New Site, New Style

TL:DR Migrated from Rails to Jekyll and here is why:

I know everyone hates getting on their RSS in the morning, seeing a new post from an author who you are (hopefully) excited about, and it being a trivial post about changes to the site. But in this case I think you'll find that it's worth it. I've migrated this blog to jekyll! Here's why I switched.

I think you know by now how much I care for Rails. It was my first experience with the ruby language and still allows for extremely speedy development. With that said, I don't think it fits for this blog. I originally wanted to create my own commenting system, allow for rich user interaction, and integrate with other forms of social media. I believe I hit some of those markers right out of the gate, but quickly realized I wasn't using the additional features. Here are a few of the reasons why:

  1. Users don't and shouldn't implicitly trust your website.
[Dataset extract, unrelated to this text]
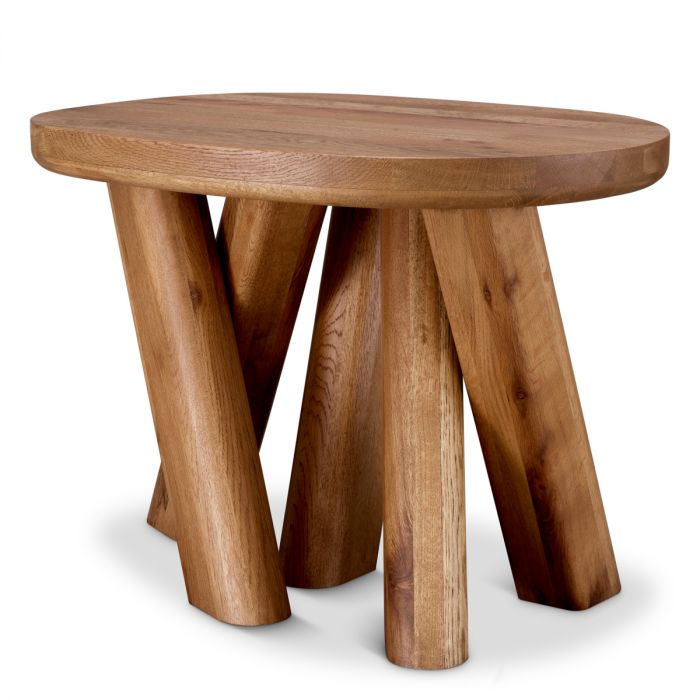 Side Table Bayshore Oak Wood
    • Use Disqus for comments.
  2. Don't roll your own authentication (or any authentication) if you don't need it.

    • Bad form to require your users to provide information about themselves to use basic functionality (like comments)
  3. You must reduce friction between yourself creating the content and that content being available.

    • Web-UI's can be polished and awesome, but as a person who spends most of my time in robust text editors I'm a little spoiled. Let me write where I feel comfortable and then git push to deploy.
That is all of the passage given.